_Dataset extract_
▼

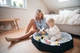 Розвиваючий килимок для немовлят MoMi Smart Day 0+ дитячий ігровий килимок з бортиками, сенсорними іграшками, подушкою та кульками, м’який двосторонній килимок-манеж для нововнародженого сухий басейн для розвитку малюка - зображення 3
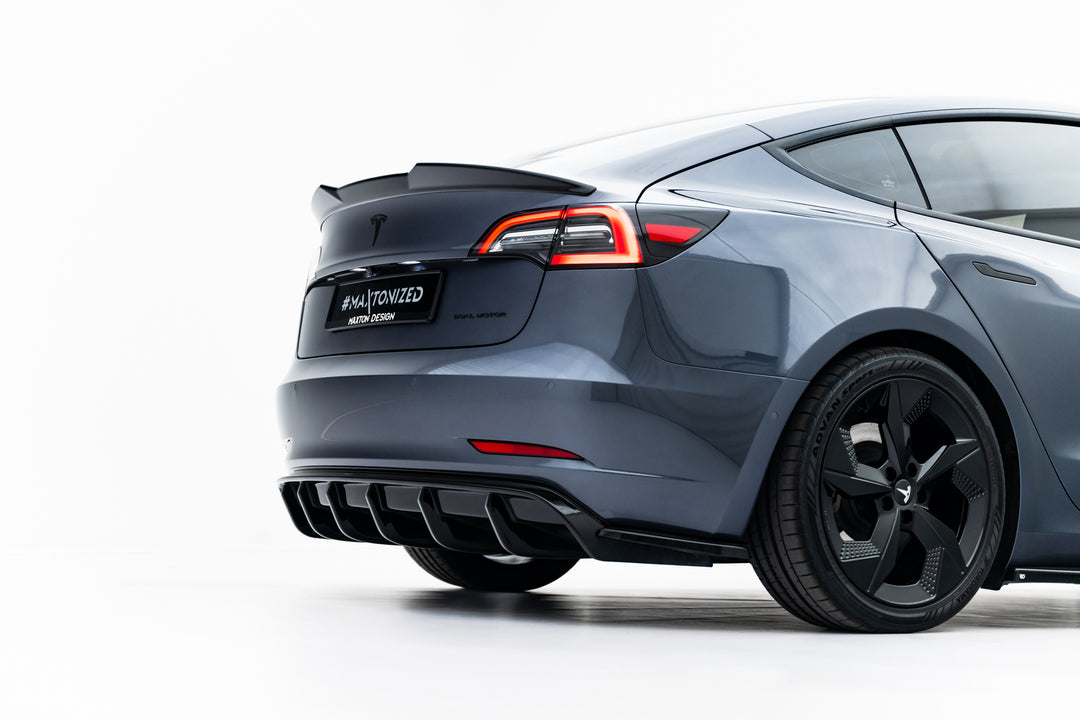 REAR VALANCE V.2 TESLA MODEL 3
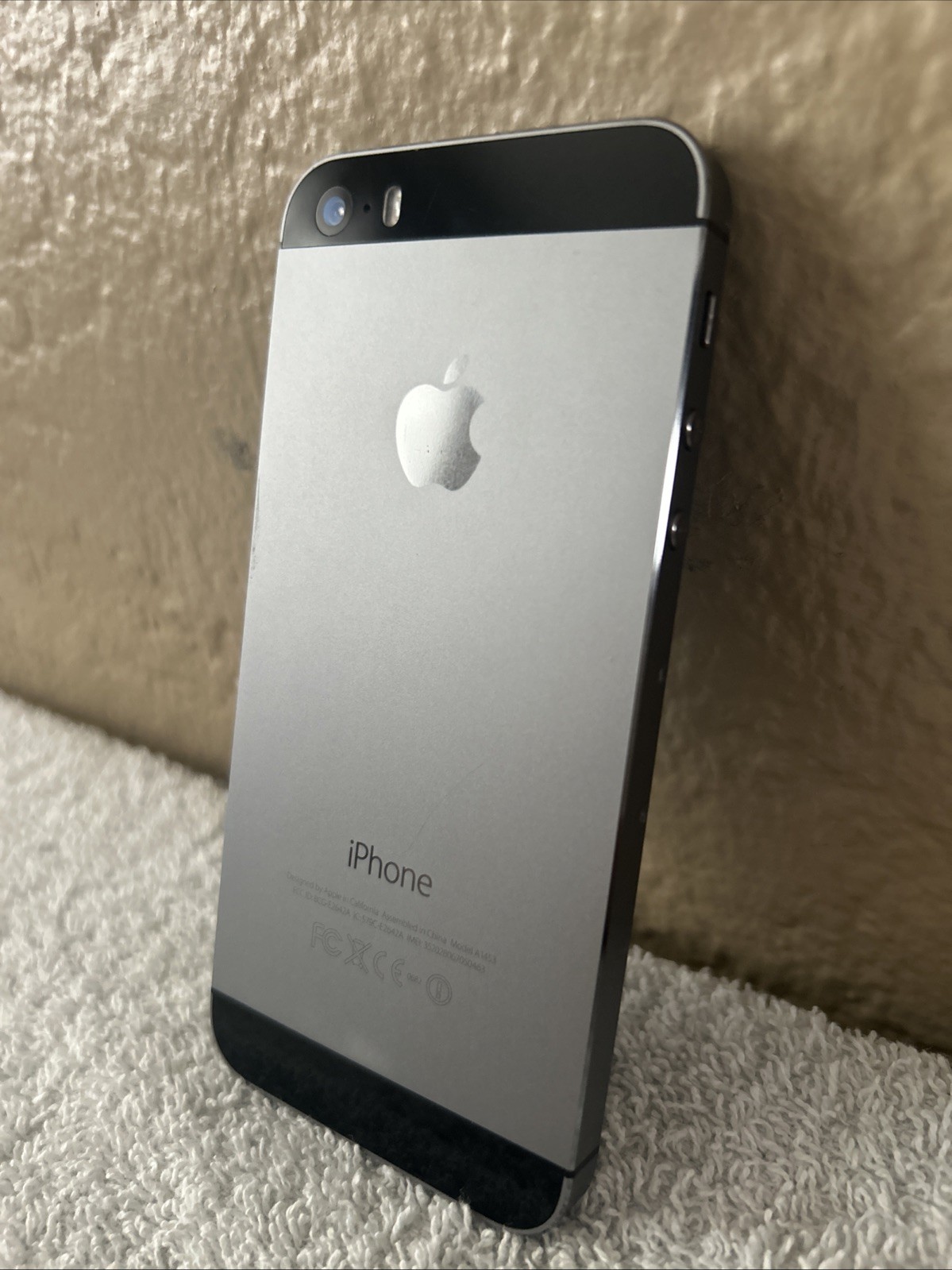 Apple iPhone 5s 16GB Black Space Grey Unlocked With Otter box Used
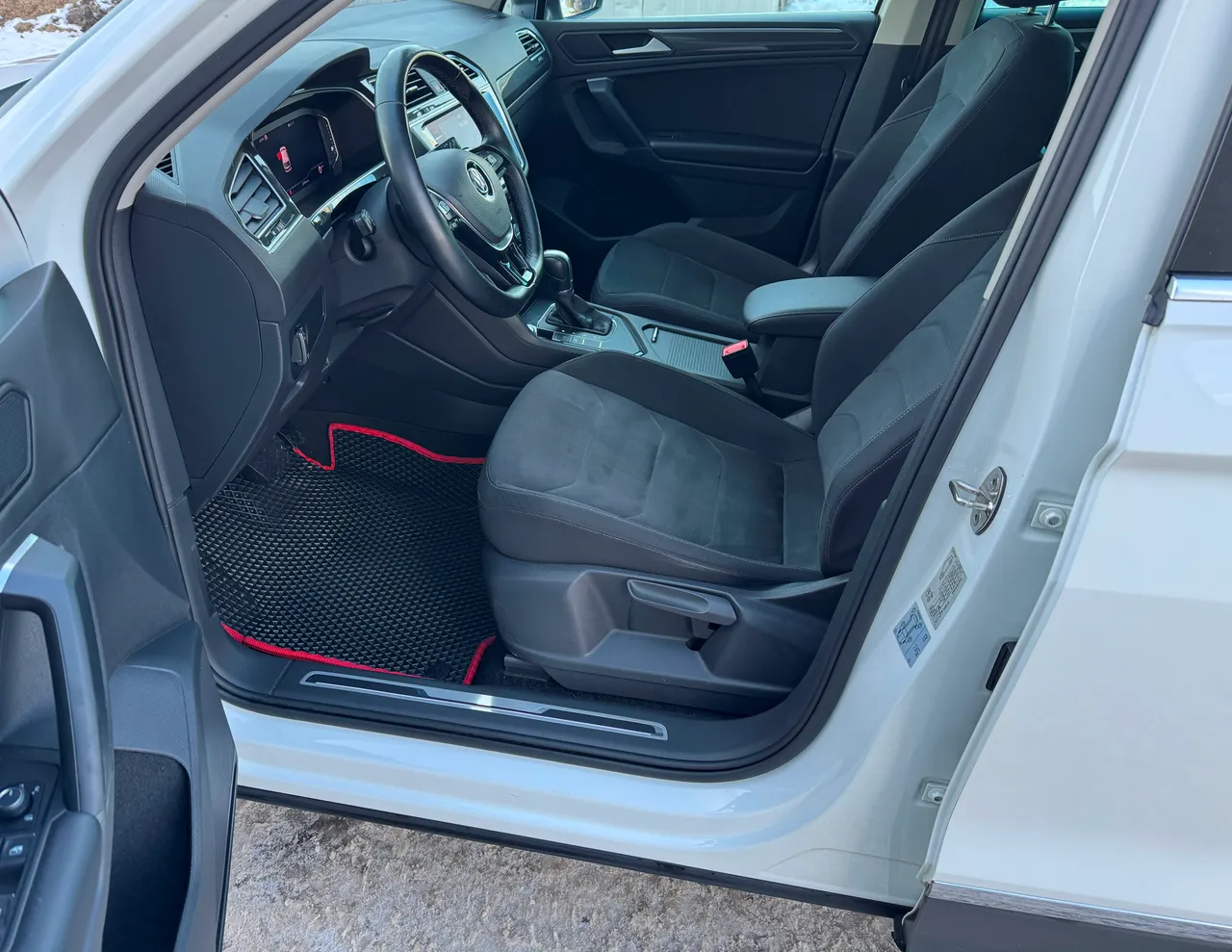 Volkswagen Tiguan - фото 18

▲

_Exercise goal_
Please retype, exactly as they appear, the lines from the one with "REAR VALANCE V.2 TESLA MODEL 3" through the final line of the material, both included, and drop any pictures.

_Reply to the task_
 REAR VALANCE V.2 TESLA MODEL 3
 Apple iPhone 5s 16GB Black Space Grey Unlocked With Otter box Used
 Volkswagen Tiguan - фото 18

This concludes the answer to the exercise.